Burada asıl sorulması gereken UKKTH nedir? Bunu hep "ezilen ulusun, ezen ulustan ayrılma hakkı" olarak tanımlıyorlar. Ancak UKKTH çok daha geniş bir prensiptir. Ezilen ulusun kendi siyasi örgütlenme ve iş yapma hakkıdır. Buna göre ezilen ulusun mevcut durumu korumak istemesi de, değiştirmek istemesi de kendi iradesi ile yapacağı bir iş olmalıdır, bunu eleştirmek başka bir konu. Taktikler her zaman değişebilir, esneyebilir ve tabii ki eleştirilebilir. Ancak prensibi reddetmek kabul edilmezdir.
Bugün Kürt ulusal hareketinin ve onun peşine takılmış HDP bileşenlerinin taktikleri, hatta prensipleri eleştirilebilir.

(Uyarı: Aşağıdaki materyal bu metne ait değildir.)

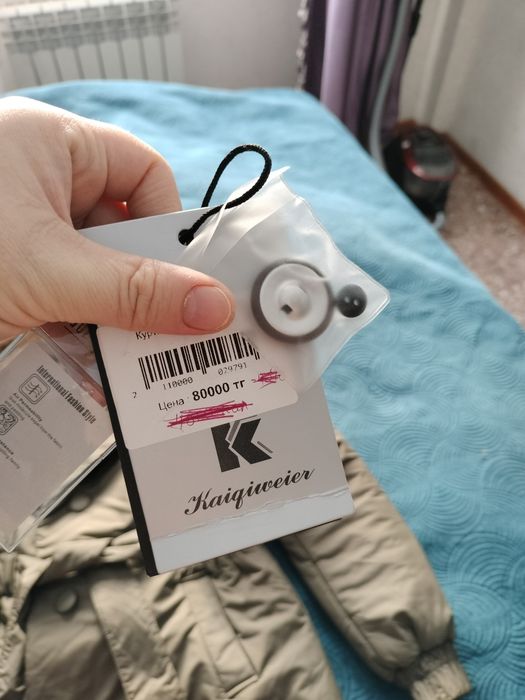 Куртка верблюжка эконорка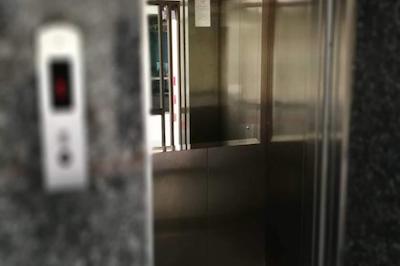 هوم پلیس رزیدنس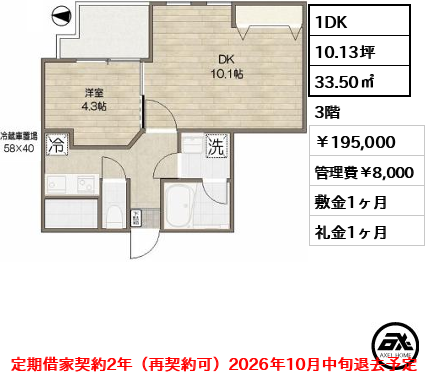 ムジーク北参道 195,000円
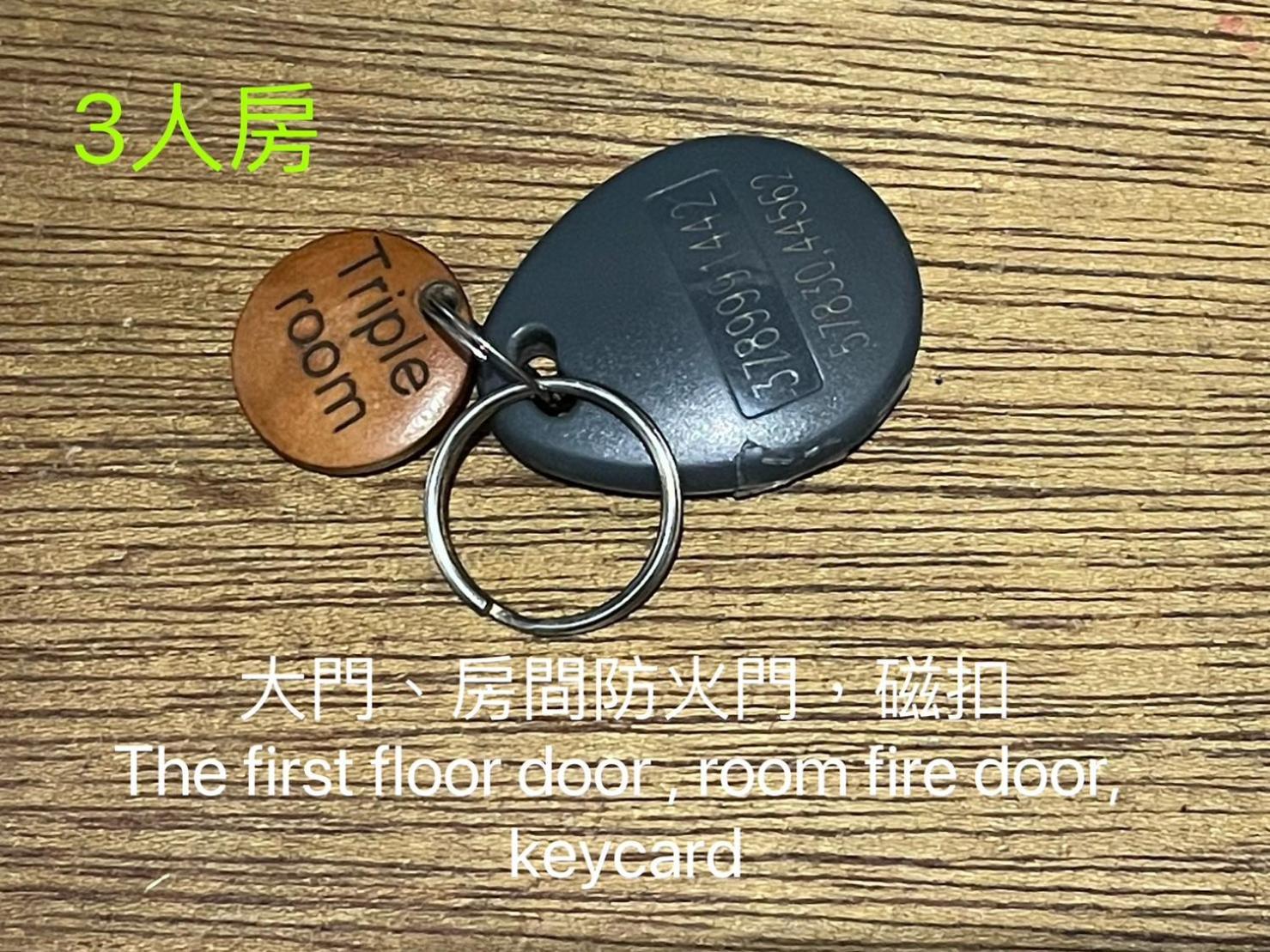 Dan Hostel丹居青旅 Taipé Exterior foto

Çünkü emperyalizmin gücünü küçümseyip, Kürt halkının geleceğini tehlikeye atan bir noktaya gitmektedirler. Ancak buna bakıp da UKKTH'yi günümüzde reddetmeyi söylemek doğru olmaz fikrimce. Burada gerçek prensip, Kürt devrimci hareketinin seksiyonunu kurmak, bunu bağımsızlaştırmak, Türkiye finans-kapitalini ve onun acentası Kürt burjuva hareketini yenmek için teorik-pratik çalışma yapmaktır.
Kürtlerin kendi gelecekleri için örgütlenmelerine ve siyaset belirlemelerine karşı çıkış olduğunu sanmıyorum. Solcular bun karşı çıkmazlar. Karşı çıkış veya destek kürt hareketinin izlediği siyasetedir. Bunu da yanlış bulmuyorum. Hareketin izlediği siyaset sola yakınsa destek alır, uzaksa karşı çıkılır ve eleştirilir.